Overview: The dollar has
come back bid. It is rising against all the major currencies today. The Reserve
Bank of Australia left rates steady and the poor Chinese Caixin PMI is weighing
on the Australian dollar, which is off about 1.25% today. Sterling is the best
G10 performer, off about 0.1%. Perhaps, the BOE's meeting on Thursday is
helping to deflect some of the selling pressure. Emerging market currencies are
also nearly all lower, led by the South African rand and South Korean won. The
greenback's gains are weighing the gold, which is consolidating in yesterday's
range but looks heavy. After yesterday's surge to $82, September WTI is a
little lower and is trading around $81.30 in the European morning.
It
seems like a risk-off day, though Asia Pacific equities were mixed. Japan,
Taiwan, South Korea, and Australia, of the large bourses posted gains. Europe's
Stoxx 600 is off by slightly more than 0.60%, which, if sustained, would be the
largest loss in two-and-a-half weeks. US index futures are nursing modest
losses. Benchmark 10-year yields in Europe are a little firmer. The US 10-year
Treasury is practically flat near 3.96%, showing little reaction to the largest
deficit that the Treasury projected yesterday. Australia's 10-year yield is off
almost nine basis points following the RBA's decision. The 10-year JGB yield is
flat slightly below 0.60%.
Asia
Pacific
Governor
Lowe led the Reserve Bank of Australia to maintain steady policy with the cash
target rate of 4.10%. The Bloomberg survey of economist showed a slight
lean toward a hike, but the swaps market had priced in only a small chance
(15%) of a move. The Australian economy is slowing, and price pressures are
easing. Today's final July manufacturing PMI was confirmed at 49.6 from 48.2 in
June. It has not been above the 50 boom/bust level since February. Lowe's terms
ends after the September meeting, and Bullock will replace him. The market is
not convinced the RBA's tightening cycle is over. From an institutional point
of view, it may be preferable for Bullock, who is perceived as more dovish than
Lowe, to deliver the final hike. The futures market is pricing in about a 70%
of a quarter point hike in Q4.
Japanese
and Chinese data have been rendered less relevant by official action. The BOJ
doubled the cap on the 10-year JGB to 1.0% before the weekend and then stepping
into the market yesterday buying around $2 bln of JGBs at market prices. Governor
Ueda indicated last week that he did not think the yield would reach the cap,
but after yesterday's operation, the question is now about the intent of the
BOJ. Is the intervention aimed to allow a smooth adjustment or is there a level
that the BOJ does not want it to rise above. We suspect it is smoothing
operation, but like the fx intervention last October, the BOJ's move is timed
to coincide with a top in US yields. Under this hypothesis, the next week or so
are important. A combination a strong, even if slowing, jobs report, coupled
with next week's July CPI report, where the headline rate is seen rising for
the first time since June 2022 when it peaked may spur an increase in US yields.

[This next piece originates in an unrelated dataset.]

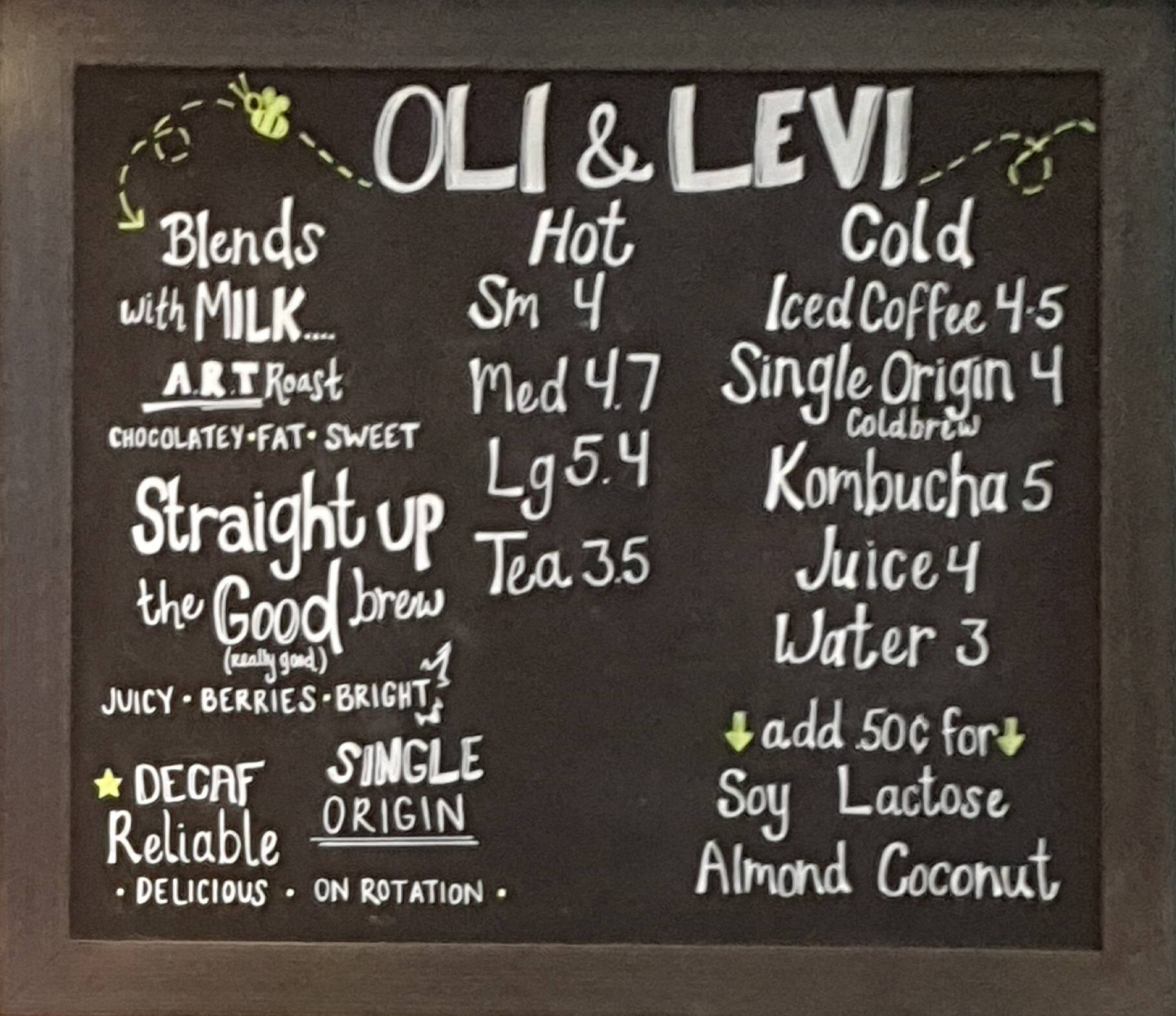 Levi Menu Menu at Oli & Levi cafe, Melbourne, 446 Collins St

The 10-year Treasury yield has settled above 4% three-times this year. Japan's
final July manufacturing PMI was revised to 49.6 from the preliminary reading
of 49.4, but still softer than June's 49.8. China's data is also
irrelevant and has been superseded by government efforts to support household
consumption, high-tech investment, and the property market. The Caixin
manufacturing PMI slipped fell to 49.2 from 50.5, a six-month low. China also
reported that home sales are off by a third this year.
After
recovering from almost JPY138 on the BOJ's Yield Curve Control to almost
JPY141.20 before the weekend, the dollar rose to nearly JPY142.70 yesterday to
JPY142.85 today. The next technical target is near JPY143.25, though the upper
Bollinger Band is higher (~JPY144.35). Support now is seen around JPY142.00. The
Australian dollar tested the $0.6900 area in mid-July that had stalled it in
mid-June. It has been chopping lower since and is approaching the bottom
end of the two-month trading range near $0.6600. So far, the low is about
$0.6625 and there are options for about A$620 mln at $0.6620 that expire today.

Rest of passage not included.